Embarcava 35 dias em navio e depois 35 dias em terra curtindo a vida. Aproveitava dessa rotina de trabalho que para alguns parece loucura. Só que tudo depende dos olhos que olhamos para as coisas. Diziam “35 dias, você é louco de ficar no mar tanto tempo”. Só que sempre preferi pensar que trabalhava apenas 6 meses do ano e que tinha 6 meses de férias parceladas.

Fora essa rotina atípica de trabalho, minhas metas podiam ser consideradas normais. Era crescer na carreira, quem sabe casar, 2 filhos para ensinar a surfar e jogar bola, 1 cachorro. Estava seguindo bem o plano até que surgiu o diagnóstico da leucemia.

Passei por todo o tratamento e fiquei lá, sentado na porta do parque de diversões esperando abrir novamente. Só que dessa vez preferi não perder muito tempo nas minhas ideias antigas, corri para a montanha russa, pois nunca sabemos quando ou se o parque irá fechar.

Depois de tudo isso a gente quer apenas se sentir vivo. Coisas que eram normais para um adulto passam a ser deixadas de lado. Começamos a buscar as coisas que antes não eram tão valorizadas como deveriam e que acabávamos deixando para amanhã pois tínhamos aquele plano de adulto para cumprir.

Um dia todos pensamos naquele dilema clichê, “viver para trabalhar ou trabalhar para viver?” Crescemos, e agora? Ficamos acorrentados no dilema de ter empregos e metas que as vezes são mais dos outros do que nossas. O brilho no olhar da criança foi embora e nos tornamos aqueles adultos chatos que só reclama.

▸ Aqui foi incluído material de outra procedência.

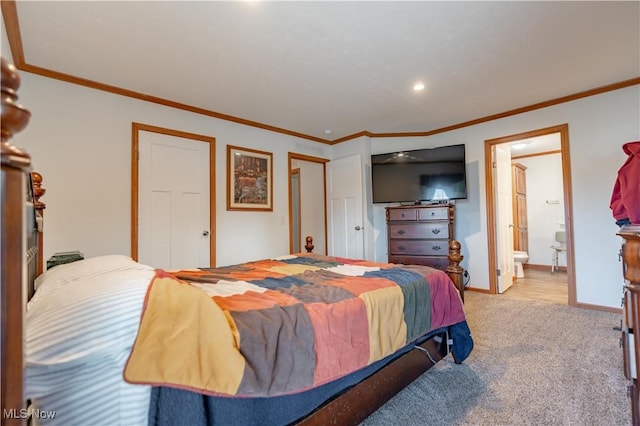 2409 Chelsea Dr SW, Canton, OH 44706 - carpeted bedroom with baseboards, crown molding, and ensuite bathroom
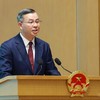 Bộ trưởng Bộ Tài chính Ngô Văn Tuấn trình bày Báo cáo trung tâm của Hội nghị - Ảnh: VGP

Se você reclama, você clama 2x. As vezes reclamamos das nossas vidas, afinal somos humanos. Se você é religioso, lembre-se que Deus nos deu livre arbítrio. Não estou falando aqui para abandonar o emprego e correr para o parque de diversão. Mas se existe algo que não está bom na nossa vida, o que estamos fazendo para mudar?

Temos uma única chance de fazer o que nos traga paz, afinal a vida é uma só. Achar o equilíbrio e saboreie a vida com moderação. Sempre procure o equilíbrio. Refrigerante em excesso faz mal, contudo “água demais também mata a planta”. Viver no equilíbrio entre as responsabilidades e os prazeres da vida talvez seja o segredo para a vida feliz e plena.

                Engraçado escrever isso tudo e lembrar de como senti falta de trabalhar nos embarques durante o tratamento. Sentia falta de ser útil, de produzir. Li esses dias que “até um milionário não viverá muito tempo e se cansará logo da vida se permanecer em seu leito todo o dia, alimentando-se. O apetite vem do exercício”. Em alguns momentos no início do tratamento eu falava que estava embarcado ao invés de internado por força do habito. Lá talvez fosse meu parque aquático.

                “Quem dorme sonha, quem vive realiza”. Que parque de diversão seja a realidade sua vida (com ou sem aspas).